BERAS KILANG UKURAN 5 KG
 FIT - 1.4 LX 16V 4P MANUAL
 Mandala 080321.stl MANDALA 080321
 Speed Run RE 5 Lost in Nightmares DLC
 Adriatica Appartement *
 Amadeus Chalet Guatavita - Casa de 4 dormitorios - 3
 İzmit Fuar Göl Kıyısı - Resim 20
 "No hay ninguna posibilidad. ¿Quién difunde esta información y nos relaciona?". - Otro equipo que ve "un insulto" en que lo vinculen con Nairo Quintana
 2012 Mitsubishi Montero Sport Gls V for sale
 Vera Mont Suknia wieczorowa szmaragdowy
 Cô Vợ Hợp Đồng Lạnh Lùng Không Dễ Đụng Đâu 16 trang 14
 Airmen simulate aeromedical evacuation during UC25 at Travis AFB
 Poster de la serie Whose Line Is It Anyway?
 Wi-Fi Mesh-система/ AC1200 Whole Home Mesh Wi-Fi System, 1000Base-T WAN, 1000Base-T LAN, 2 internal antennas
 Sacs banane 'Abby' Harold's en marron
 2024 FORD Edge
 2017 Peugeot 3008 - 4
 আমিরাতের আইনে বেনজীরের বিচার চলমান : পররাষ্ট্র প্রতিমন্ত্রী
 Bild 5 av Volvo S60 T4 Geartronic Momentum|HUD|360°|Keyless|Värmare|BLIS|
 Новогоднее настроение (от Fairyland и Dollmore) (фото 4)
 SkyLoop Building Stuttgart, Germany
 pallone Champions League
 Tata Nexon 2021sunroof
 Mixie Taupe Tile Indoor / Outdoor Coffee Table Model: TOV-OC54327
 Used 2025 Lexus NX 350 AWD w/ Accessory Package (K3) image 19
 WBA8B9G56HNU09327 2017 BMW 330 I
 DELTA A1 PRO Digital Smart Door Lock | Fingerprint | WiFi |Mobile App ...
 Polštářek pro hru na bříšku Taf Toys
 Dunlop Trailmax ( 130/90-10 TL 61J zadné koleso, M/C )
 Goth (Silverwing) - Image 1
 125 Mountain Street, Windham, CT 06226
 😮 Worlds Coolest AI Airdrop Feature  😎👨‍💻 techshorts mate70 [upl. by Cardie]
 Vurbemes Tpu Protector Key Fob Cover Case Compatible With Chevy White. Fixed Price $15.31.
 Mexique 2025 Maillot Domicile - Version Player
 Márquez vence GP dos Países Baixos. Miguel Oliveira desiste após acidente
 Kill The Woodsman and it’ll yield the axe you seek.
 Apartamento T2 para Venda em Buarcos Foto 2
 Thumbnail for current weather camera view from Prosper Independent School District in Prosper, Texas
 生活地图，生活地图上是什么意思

● TASK REQUIREMENTS: Reproduce exactly, and with no other material, the lines between those holding "125 Mountain Street, Windham, CT 06226" and "Apartamento T2 para Venda em Buarcos Foto 2", inclusive.

● YOUR SOLUTION:
 125 Mountain Street, Windham, CT 06226
 😮 Worlds Coolest AI Airdrop Feature  😎👨‍💻 techshorts mate70 [upl. by Cardie]
 Vurbemes Tpu Protector Key Fob Cover Case Compatible With Chevy White. Fixed Price $15.31.
 Mexique 2025 Maillot Domicile - Version Player
 Márquez vence GP dos Países Baixos. Miguel Oliveira desiste após acidente
 Kill The Woodsman and it’ll yield the axe you seek.
 Apartamento T2 para Venda em Buarcos Foto 2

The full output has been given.